### Recorded data
========================================
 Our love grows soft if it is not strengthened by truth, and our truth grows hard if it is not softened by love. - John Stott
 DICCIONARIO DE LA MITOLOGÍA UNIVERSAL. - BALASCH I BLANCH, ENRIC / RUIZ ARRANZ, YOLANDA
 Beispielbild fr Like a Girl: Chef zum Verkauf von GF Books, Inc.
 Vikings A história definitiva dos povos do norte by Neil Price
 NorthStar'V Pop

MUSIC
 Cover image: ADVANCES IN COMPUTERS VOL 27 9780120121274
========================================
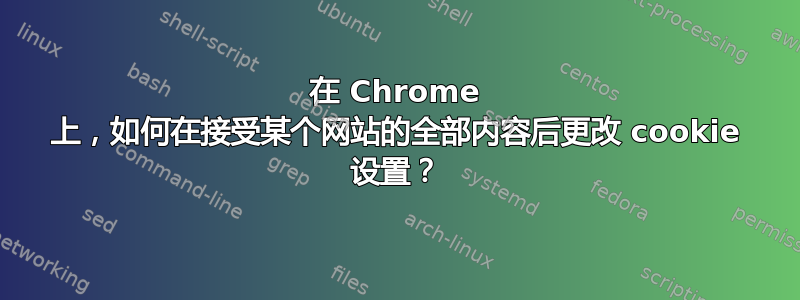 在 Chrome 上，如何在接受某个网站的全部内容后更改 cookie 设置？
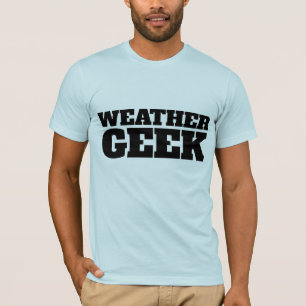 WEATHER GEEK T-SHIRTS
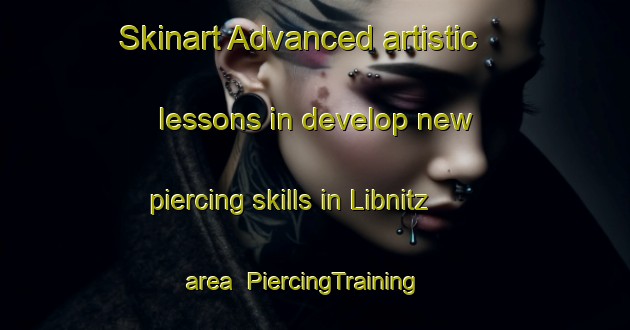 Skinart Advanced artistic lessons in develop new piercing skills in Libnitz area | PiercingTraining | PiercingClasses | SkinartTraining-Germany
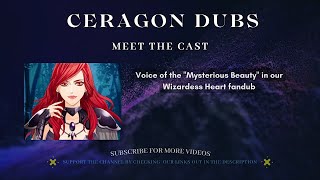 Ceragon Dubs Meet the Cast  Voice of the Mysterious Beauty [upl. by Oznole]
========================================
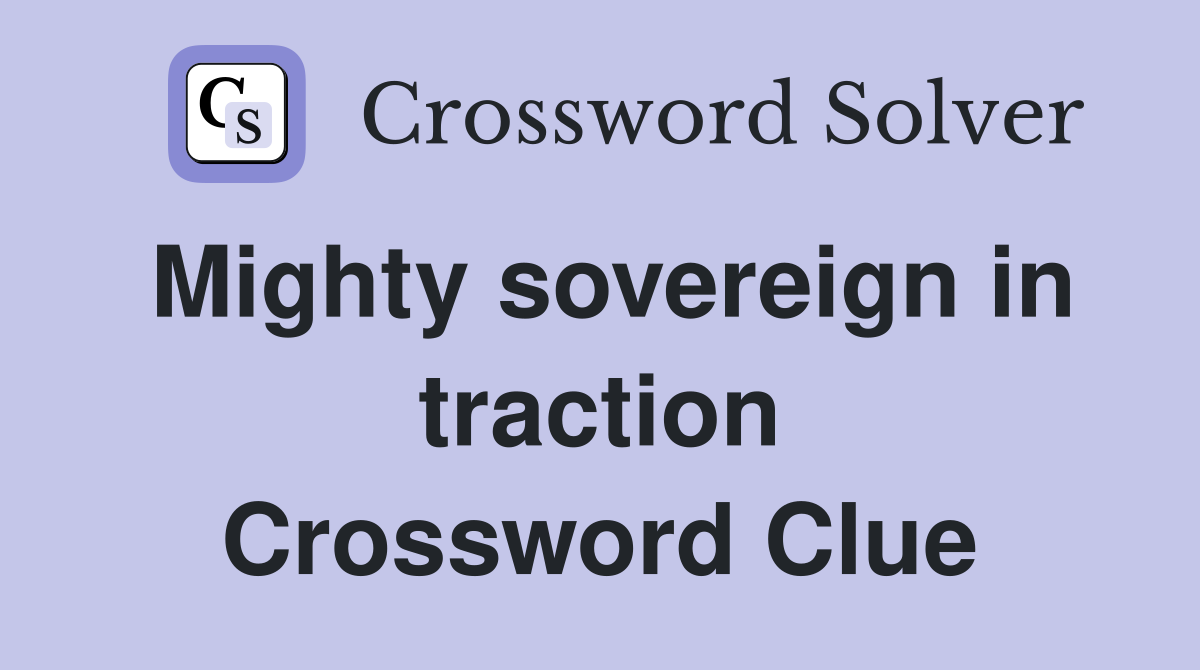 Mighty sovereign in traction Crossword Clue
========================================
### Work order
From the listing above, the lines starting with the one that has "Our love grows" and running through the one that has "Cover image: ADVANCES" should be copied exactly, ends included.

### Solution to the exercise
 Our love grows soft if it is not strengthened by truth, and our truth grows hard if it is not softened by love. - John Stott
 DICCIONARIO DE LA MITOLOGÍA UNIVERSAL. - BALASCH I BLANCH, ENRIC / RUIZ ARRANZ, YOLANDA
 Beispielbild fr Like a Girl: Chef zum Verkauf von GF Books, Inc.
 Vikings A história definitiva dos povos do norte by Neil Price
 NorthStar'V Pop

MUSIC
 Cover image: ADVANCES IN COMPUTERS VOL 27 9780120121274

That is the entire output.